Así que estos días, cuando tantos no responden o evitan responder que tienen un mes de vacaciones porque lo consideran inmoral, se publica que en el partido político Barcelona en Comú no funciona el llamado “salario ético”, una nómina que se pretendía ejemplificadora para la clase política bajo otro mantra innecesario: no se necesita más. Los comunes de Ada Colau, meses después, han descubierto que siempre se necesita más; la nueva política empieza a comprender que lo ético es ganar lo que uno merece sin apropiarse de lo que no es suyo, y que los sueldos altos, en lo público y en lo privado, están justificados si uno se hace acreedor de ellos.

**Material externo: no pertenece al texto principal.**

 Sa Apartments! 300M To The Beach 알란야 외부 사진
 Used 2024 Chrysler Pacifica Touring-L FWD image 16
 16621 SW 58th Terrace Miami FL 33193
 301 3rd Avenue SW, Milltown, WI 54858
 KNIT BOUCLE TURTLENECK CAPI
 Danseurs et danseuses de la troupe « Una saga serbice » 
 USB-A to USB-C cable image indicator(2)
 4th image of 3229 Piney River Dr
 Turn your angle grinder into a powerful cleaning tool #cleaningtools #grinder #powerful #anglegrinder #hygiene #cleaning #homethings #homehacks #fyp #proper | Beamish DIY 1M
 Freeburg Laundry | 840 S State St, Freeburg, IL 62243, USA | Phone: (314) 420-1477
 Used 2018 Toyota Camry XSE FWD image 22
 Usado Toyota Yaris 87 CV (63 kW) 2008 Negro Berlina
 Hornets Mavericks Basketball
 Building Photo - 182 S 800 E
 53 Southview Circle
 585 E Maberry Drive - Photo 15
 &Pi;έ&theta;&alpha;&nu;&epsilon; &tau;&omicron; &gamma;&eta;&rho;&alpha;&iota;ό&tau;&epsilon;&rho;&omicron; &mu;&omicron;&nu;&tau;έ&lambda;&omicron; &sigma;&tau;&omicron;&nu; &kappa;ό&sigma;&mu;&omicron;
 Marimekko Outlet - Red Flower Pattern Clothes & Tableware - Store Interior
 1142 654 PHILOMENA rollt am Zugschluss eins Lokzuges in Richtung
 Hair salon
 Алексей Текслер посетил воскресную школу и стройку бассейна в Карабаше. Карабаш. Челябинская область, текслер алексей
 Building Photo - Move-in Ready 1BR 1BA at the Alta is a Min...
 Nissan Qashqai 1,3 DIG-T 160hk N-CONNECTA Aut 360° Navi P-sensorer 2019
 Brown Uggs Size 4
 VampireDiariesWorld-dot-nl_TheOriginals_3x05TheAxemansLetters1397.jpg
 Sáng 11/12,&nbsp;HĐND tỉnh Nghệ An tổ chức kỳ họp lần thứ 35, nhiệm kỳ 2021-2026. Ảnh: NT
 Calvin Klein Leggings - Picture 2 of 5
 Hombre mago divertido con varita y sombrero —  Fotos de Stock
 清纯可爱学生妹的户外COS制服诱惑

Así que por un lado aparece una nueva izquierda denunciando la precariedad laboral y el traspaso semántico de derechos a privilegios, pero ella misma se aplica unas restricciones que dan la razón a los que defienden que hay que ganar lo justo para vivir, aunque ni eso cumplen. Se ha enquistado, desde hace tiempo, un pensamiento envenenado: el que tiene menos tiene más razón, y su defensa de las convicciones es más pura. Solo hay que recordar en los debates a los candidatos peleándose para ver quién cobra menos, y organizando ejercicios de transparencia con el objetivo de celebrar al que menos dinero tenga. Olvidando un asunto fundamental, el primero sabido de todos ellos: la igualdad que se consigue agachándose solo sirve para que algunos bajos crean estar a la altura.